Evidence for an ancient origin of the FGA p.Glu545Val (E526V) amyloidosis-causing mutation endemic in Northern Portugal

Abstract

Fibrinogen alpha chain amyloidosis is widely spread throughout the world, and is most frequently associated with the FGA p.Glu545Val (E526V) mutation, particularly in European countries, with endemic foci of the disease identified in the UK and in northern Portugal. All identified Portuguese patients are from the same region, and a preliminary attempt to characterize the disease-associated haplotype hinted at a common ancestor, but whether this is true and how far back in time the founding event would have taken place is still much an open question. In order to address these questions we studied all available Portuguese patients and relatives, 56 individuals in total, 33 of which were mutation carriers, belonging to 12 extended families. Thirteen polymorphic short tandem-repeats spanning 5.8Mbps over the FGA gene in chromosome 4 were genotyped.

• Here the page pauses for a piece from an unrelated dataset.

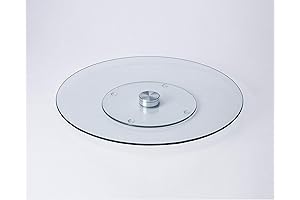 Tempered Glass Lazy Susan: A Culinary Masterpiece for Effortless Mealtimes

A control population of 67 unrelated individuals was also genotyped for the same polymorphisms. Haplotype phasing was carried out using an empirical linkage disequilibrium-based method implemented in the Beagle 4.1 computer program, with some manual adjustments to take into account pedigree constraints and to preserve parsimony. In total 7 different but closely related disease-associated haplotypes were identified, the most frequent of which (I), represented in 5 families, was presumed to be the ancestral haplotype. The age of the E526V mutation in this population was estimated by fitting a multipoint LD model, as implemented in the DMLE+ program. While this model is somewhat sensitive to estimates of population growth and other parameters, it consistently predicted a mutation age above 100 generations (2500 years). These results point to a relatively ancient mutation, which could explain, at least in part, its wide dissemination throughout the world. It would be interesting to extend this study to other populations, to see if there is evidence for a common ancestor, and to try to establish a pattern of mutation dissemination.